Singkutsa means parboil,marinate or cooking it halfway. From the concept of avoiding sppilage of food, this method was done especially during occassions like fiesta wherein a lot of dishes have to be cooked. Before the day of the event, the meat needed for the cuisines are being sangkutsa not only to prevent it from spoiling, but to easily cook it the next day, saving a huge time for the preparations.
Another great thing about this method of cooking is that it gives more enhancement to the food because the spices can linger to the meat, producing a tastier and more flavorful recipe.
Some Popular Kapampangan Cuisines
The province of Pampanga has a long list of cuisines that is always waiting to be savored and enjoyed. Read out to know some of these recipes that bring more fame and justified the province being the country’s culinary capital.
This dish is different from the usual Bulanglang Tagalog which is similar to pinakbet. Pampanga’s version can be compared to Sinigang and its only distinction is the usage of guava to produce a sour flavor. Usual vegetables used in sinigang like taro (gabi), onions, tomatoes, okra, kangkong and green chillies are also present along with the prawns, bangus belly or pork. For the best taste, you can also have fish sauce with green chili to dip it.
This is the most famous Pampanga dish ever, but thee discovery of this cuisine came from an accident. This serendipity was done by Lucia “Aling Lucing” Cunanan as she accidentally burned the pork’s face and belly which was supposedly a barbecue. To still use the burned pork, she mixed chopped oniond, chicken liver, spices and calamansi juice and voila, the rise of the first sisig in the province. Who would knew that this accident is now one of the most popular cuisines also in the country, now with evolving versions like tofu, seafood and chicken.
Biringhe or Poor Man’s Paella
Biringhe is Pampanga’s competitor against Spain’s Paella. Bringhe uses either pure glutinous rice (malagkit) only or half of the usual rice and half glutinous rice.

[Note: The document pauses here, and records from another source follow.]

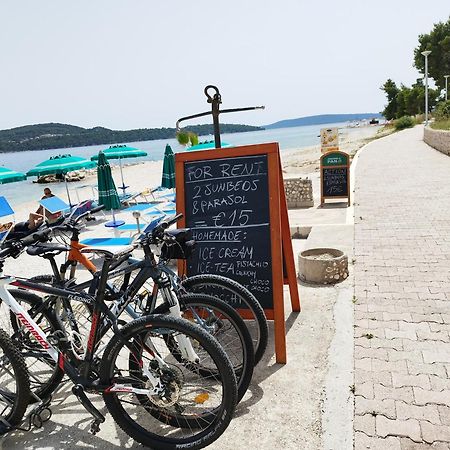 شقة Domenico - 50 M From The Sea سيغيت دونيي المظهر الخارجي الصورة
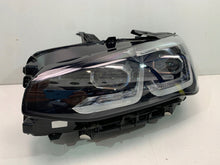 Laden Sie das Bild in den Galerie-Viewer, Frontscheinwerfer BMW 2 U06 5A42247-08 Full LED Links Scheinwerfer Headlight SCH1716185620fq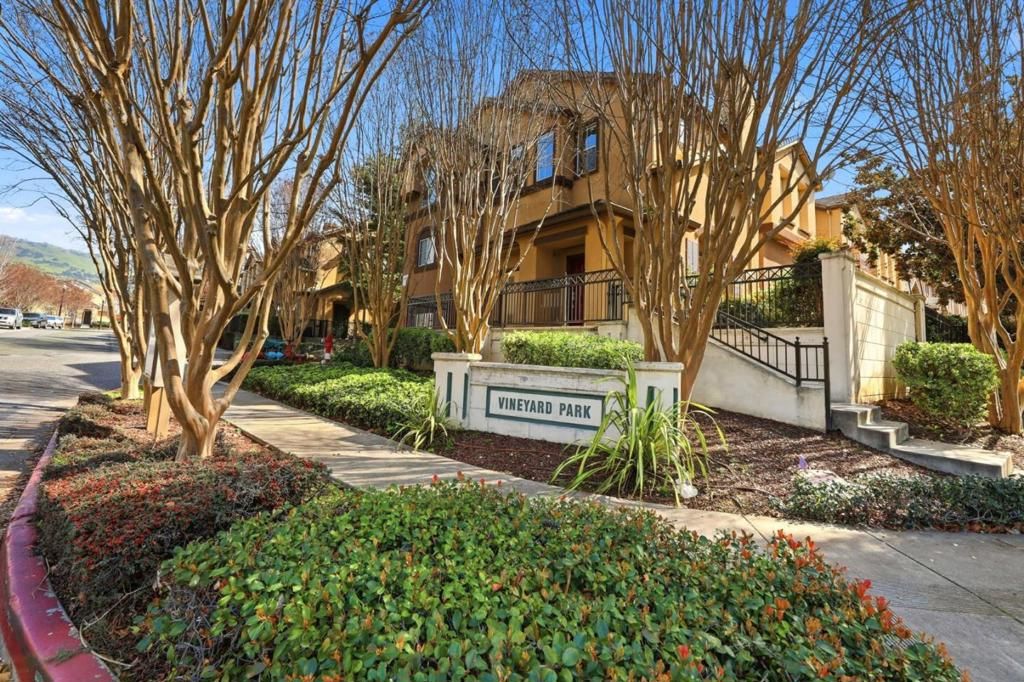 Image 33 of property listing at 3111 White Riesling Place, San Jose, CA 95135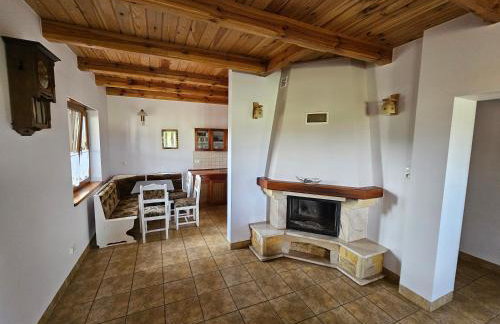 Leśny Zakątek - Foto 9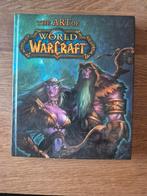 The art of World of warcraft 2005, Boeken, Ophalen of Verzenden, Zo goed als nieuw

Its richness are contributed by its ingredients like the native chicken, coconut milk (gata) and turmeric (luyang dilaw). To adorn this dish, the combining powers of boiled eggs and red peppers are used. This simple dish can still stand out from Paella because its definitely delicious.
Burong Balig and Balo Balo
Some people do not want fermented foods, but burong balig is more than just its smell. What makes this fermented cuisine unique is its main ingredient-mudfish for the buring bulig and shrimp for the balo balo. Another distinction on these two is how the locals usually eat it-the burong bulig is eaten as a main meal while the balo balo is used as a dip for fried, roasted or grilled meat, fish, and vegetables.
Kamaru or Mole Crickets
Another must watch-out in Pampanga is its exotic food, and kamaru is one of them. This dish came from the kamaru or mole crickets, an insect that is natural in the province. These creepy insects are cooked like the style of cooking adobo, but the crickets are deep fried first. For a more thrillled flavor, the locals sometimes use sauce, vinegar, tomatoes, onions and garlic to produce a spicy taste. This cuisine is a must-try and must be put on the to-do list when going to Pampanga.

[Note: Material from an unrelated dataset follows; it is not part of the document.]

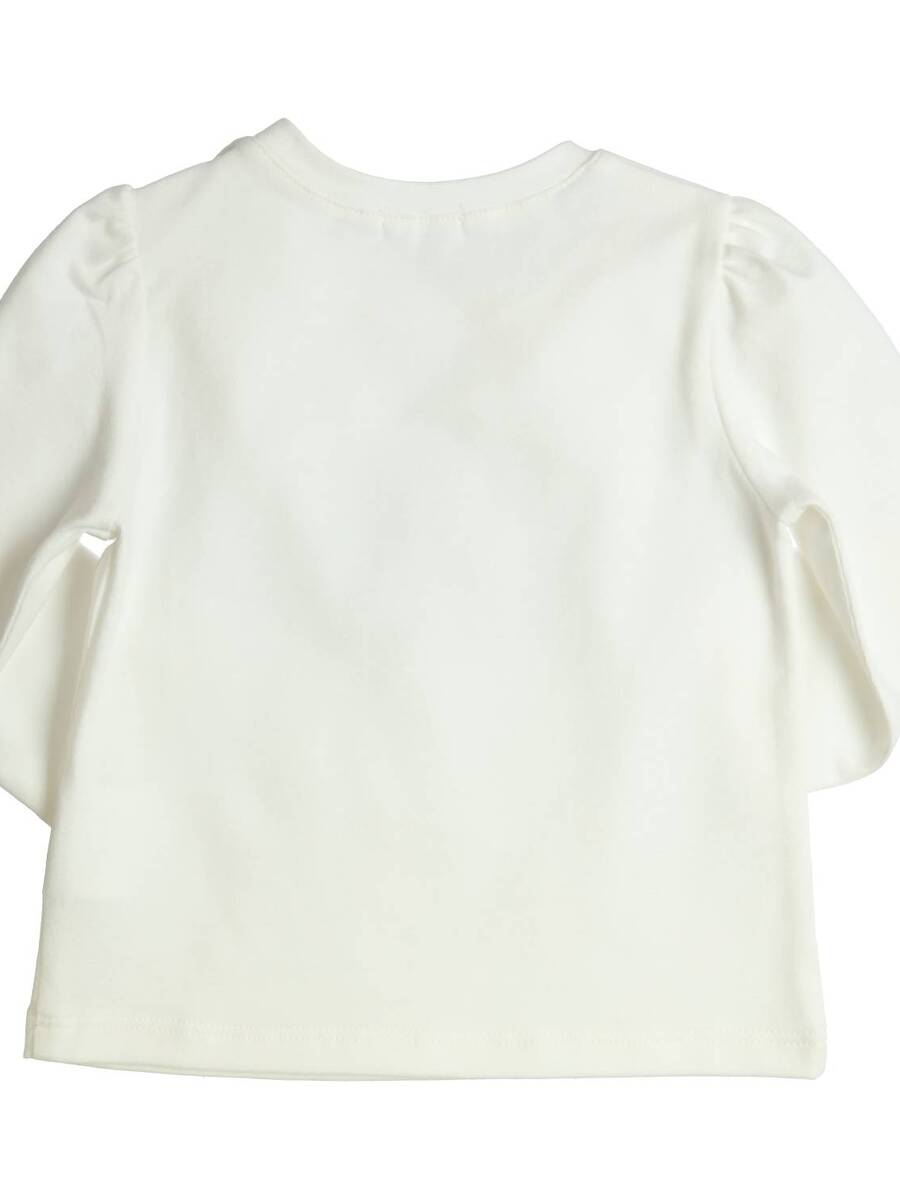 T-shirt van het merk Gymp in het Wit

Betute Tugak or Stuffed Frog
Tugak means frog in Kapampangan and from the name of the dish, it is obvious that the main star is of course, frogs. This cuisine is made from frogs (palakang-bukid) stuffed with groundd beeff that is seasoned well and deep fried. This recipe is another proud exotic food of Pampanga and must be tried as well.
The mentioned dishes are only some of the long list of Kapampangan cuisines that must be explored. These dishes are justified by the numerous restaurants especially in the cities of Angeles and San Fernando, the capital of Pampanga. As stated by its hospitable locals, Tara! Mangan! Manyaman Pamangan kening Pampanga!